Cue coronavirus. The world was subjected to a standardized test, and the supposed A-team, caught off-guard, failed to perform: slow implementation of prevention measures, mistrust of experts, incoherence of strategy, incompliance from the general population… most countries on the technological cutting-edge couldn’t even muster a palatable contact-tracing app. South Korea had an effective tracing program operational back in April, Vietnam has suffered only 35 deaths in total. Surely, we can no longer belittle these countries as “developing”, as if one day they will be fully formed in our sublime image. By virtue (or curse) of social media, there is no longer any way to stop every item of dirty laundry being aired on the international stage. Like many a movie-star, despite its stellar image the West was revealed to be just as tragically flawed as the rest. Akin to what befalls teenagers constantly judging their worth from surface values they encounter on social media, the insecurity of the West over its image was aggravated by the inescapable successes and perfections of other nations as a mirror was held up to its own foibles. Internally, there was no shortage of turmoil either: the European marriage was cast onto the rocks over who should front the common bill. Opening a joint account to weather the crisis uncovers some chilling divisions. At the state level, populist regimes in Eastern Europe were reinforced during the fog of war. Add to this painful reminders of systemic racism and continued resistance to climate change consensus despite the ever-more tangible impact of increasingly frequent wildfires. All these shortcomings combined paint the dreary picture of a West that is lagging behind, sluggish in its reactions yet somehow maintaining a pretentious superiority: a colossus with clay feet it would rather not use.
None of this is to say that on average, the countries that count themselves among those of the West aren’t better off: the introductory run of statistics are merely cherry-picked outliers not representative of the overall trend (for now). I simply intend to shed light on the fact that our longstanding causticity and self-awarded untouchable dominant position in global affairs is no longer justifiable.
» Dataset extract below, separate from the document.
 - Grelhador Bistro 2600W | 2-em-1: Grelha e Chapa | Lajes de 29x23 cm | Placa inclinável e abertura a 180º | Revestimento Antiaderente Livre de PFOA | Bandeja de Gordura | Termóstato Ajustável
The bruises of the past twenty years, painfully exposed by the coronavirus crisis, have irreversibly blurred the lines that once delineated the West from the rest, the “developing” from the “developed”, and the archaic notion of a “Three World” system. After all, semantics and geography are being more than a little bit stretched when seeking to showcase the brilliance of “the West” one can usually do no better than point to New Zealand.